The pairing procedure starts due to a physical button press on the two devices, they find each other and exchange public keys. All future communication is then encrypted & signed using the private keys these devices hold. The attack described in venaoy's edit still applies though, an active attacker present during pairing may pretend to be an access point & keyboard, overpowering the original access point and acting as a sort of relay. The link would however break if this relay were to leave the vicinity.
The comment I was replying to stated that each pair would have an AES key generated for them at manufacture, and that is the key they would use to communicate together.
After I posted my reply, the comment was edited to mention this sort of public key exchange you describe happening with a button push. My comment does not apply to this sort of functionality. It would work great, with only the concern you mentioned about a relay attacker.
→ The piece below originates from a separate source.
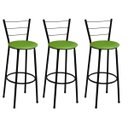 Ver imagem 1 de Kit 3 Banquetas Alta Preta com Encosto Assento Verde Jaddi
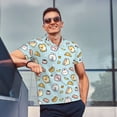 thumbnail image 4 of Gukieu Rabbit Burger Coffee Print Men's Quick-drying POLO Shirt, Button-down Summer T-shirt, Suitable for Work and Outdoor Activities-Small, 4 of 6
I was only saying having a symmetric key generated at manufacture wouldn't allow for dongle changing and/or dongle consolidation.
Logitech 2.4 GHz keyboards use 128-bit AES symmetric encryption.
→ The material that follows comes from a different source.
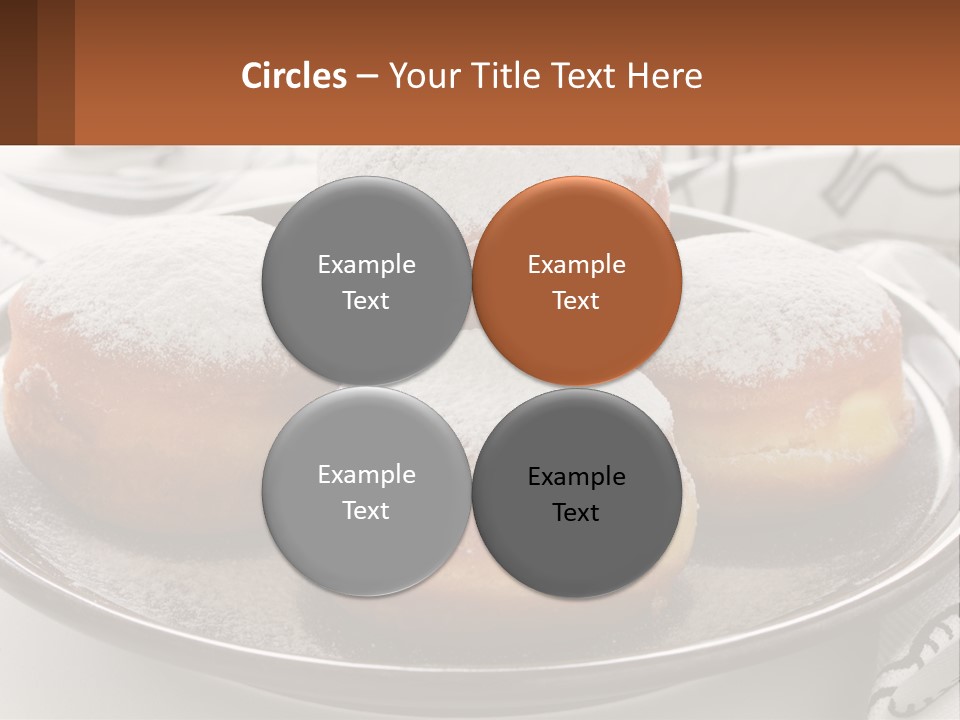 A Group Of Doughnuts Sitting On Top Of A Metal Plate PowerPoint Template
As I understand it, the encryptiion key is generated at the time of pairing in both the the keyboard and the receiver independently, and thus never transmitted wirelessly.
This is accomplished by having a secret algorithm that is encoded in both devices and produces the key based on some random input data that is shared between the devices at the time of pairing.
> If you have a unique key embedded in each keyboard/dongle pair, you would lose the ability to do this. In addition, if you lost the dongle, you would be SOL.
What about initializing the key during pairing? See parent's edit
Yes, initializing the key during pairing would work great.
I posted my reply before the parent's edit. I don't think this is an intractable problem; my suggestion of a physical connection for pairing or even a remote pairing with a button press would work fine. My ONLY point was that hard coding a symmetric key into the keyboard/dongle pair and then using that key for all communication wouldn't be practical.
(I know all this because I have done a lot of work with the nRF24LE1. It is cheap: $4 for a fully assembled module on eBay [2]. It "supports" Bluetooth by bit-banging it [3]. And code for the builtin 8051 core can be compiled by the open source compiler sdcc. These are reasons why I selected this chip for my DIY home automation system.)
In fact the nRF24 radios are so popular that the vast majority of non-Bluetooth wireless keyboards use them. And I guarantee you that even though they use different protocols, they are almost certainly just as insecure as these Microsoft keyboards. The only reason vendors do not implement secure protocols is because customers do not know or care about security. The very few vendors who do such as [4] sell keyboards for hundreds of dollars... there is again zero reasons why it would cost that much given that it could be done with a standard nRF24LE1 :-(
[1] http://www.keil.com/dd/docs/datashts/nordic/nrf24le1_ds_v1_1...
[2] The $1 chip Sammy is talking about is another variant: the nRF24L01 which is just the bare radio without the 8051 core
[3] http://dmitry.gr/index.php?r=05.Projects&proj=11.%20Bluetoot...
[4] http://matias.ca/securepro/pc/ ($170!)
Edit #1: a colleague of mine opened up the Matias Secure Pro keyboard and confirmed it uses an nRF24LE1.
Edit #2: @cortesoft: The way I would support this "one dongle many devices" feature is by doing the key generation during pairing (sometimes done by pressing a small switch under the keyboard) instead of during manufacturing. The only window of attack would be if an active attacker was present during pairing and pretended to be the dongle. It would still be significantly more secure than current keyboard protocols.